▶ [EXERCISE INSTRUCTIONS] All of the lines below need to be copied exactly, apart from the pictures.

▶ [EXERCISE DATA]
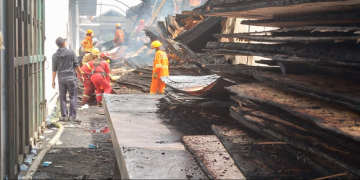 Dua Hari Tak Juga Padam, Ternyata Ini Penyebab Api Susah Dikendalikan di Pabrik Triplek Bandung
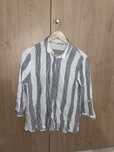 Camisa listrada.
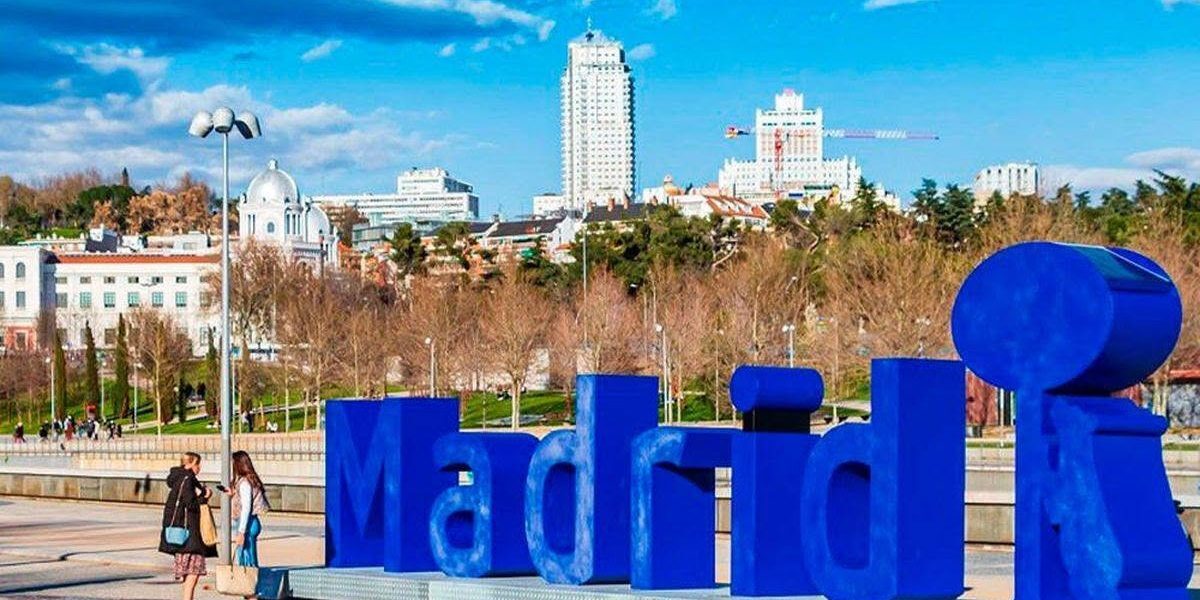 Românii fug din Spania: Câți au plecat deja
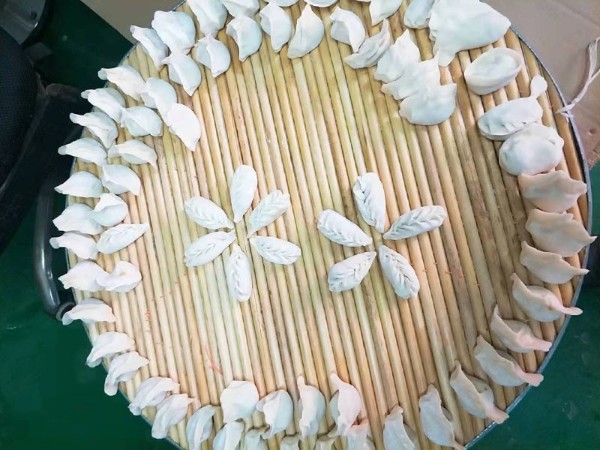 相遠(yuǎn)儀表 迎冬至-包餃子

▶ [RESPONSE TO THE EXERCISE]
 Dua Hari Tak Juga Padam, Ternyata Ini Penyebab Api Susah Dikendalikan di Pabrik Triplek Bandung
 Camisa listrada.
 Românii fug din Spania: Câți au plecat deja
 相遠(yuǎn)儀表 迎冬至-包餃子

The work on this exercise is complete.